[Given records Boundary: Start]
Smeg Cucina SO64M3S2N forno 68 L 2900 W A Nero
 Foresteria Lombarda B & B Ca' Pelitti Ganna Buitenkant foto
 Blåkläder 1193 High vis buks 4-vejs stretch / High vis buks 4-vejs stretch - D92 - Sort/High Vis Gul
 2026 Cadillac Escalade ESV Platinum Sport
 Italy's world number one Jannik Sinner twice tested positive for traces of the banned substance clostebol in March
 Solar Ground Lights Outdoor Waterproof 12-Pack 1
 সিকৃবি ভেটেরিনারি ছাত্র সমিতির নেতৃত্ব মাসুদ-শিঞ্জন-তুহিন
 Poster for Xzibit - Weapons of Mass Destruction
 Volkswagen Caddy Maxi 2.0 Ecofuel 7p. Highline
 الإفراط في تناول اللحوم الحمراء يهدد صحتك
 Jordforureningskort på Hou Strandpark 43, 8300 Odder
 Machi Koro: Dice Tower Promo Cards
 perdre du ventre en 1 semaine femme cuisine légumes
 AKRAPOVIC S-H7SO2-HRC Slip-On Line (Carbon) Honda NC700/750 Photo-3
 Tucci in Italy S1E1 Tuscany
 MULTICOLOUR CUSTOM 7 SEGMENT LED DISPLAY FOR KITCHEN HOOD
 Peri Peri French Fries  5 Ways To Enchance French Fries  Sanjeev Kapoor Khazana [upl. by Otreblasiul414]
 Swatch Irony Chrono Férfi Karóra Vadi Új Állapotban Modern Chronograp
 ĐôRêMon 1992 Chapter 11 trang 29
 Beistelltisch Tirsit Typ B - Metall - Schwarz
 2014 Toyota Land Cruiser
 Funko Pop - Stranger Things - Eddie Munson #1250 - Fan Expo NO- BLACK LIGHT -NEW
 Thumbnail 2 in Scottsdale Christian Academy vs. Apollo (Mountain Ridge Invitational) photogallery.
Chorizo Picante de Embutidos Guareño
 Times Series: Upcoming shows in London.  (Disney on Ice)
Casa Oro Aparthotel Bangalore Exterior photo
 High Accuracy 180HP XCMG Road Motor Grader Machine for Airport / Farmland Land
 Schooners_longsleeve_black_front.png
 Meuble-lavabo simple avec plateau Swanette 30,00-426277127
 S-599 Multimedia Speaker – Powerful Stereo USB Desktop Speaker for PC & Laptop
[Given records Boundary: End]
▶ _Task to complete_:
Return every line above in which the string "Italy" occurs.

▶ _Your solution_:
 Italy's world number one Jannik Sinner twice tested positive for traces of the banned substance clostebol in March
 Tucci in Italy S1E1 Tuscany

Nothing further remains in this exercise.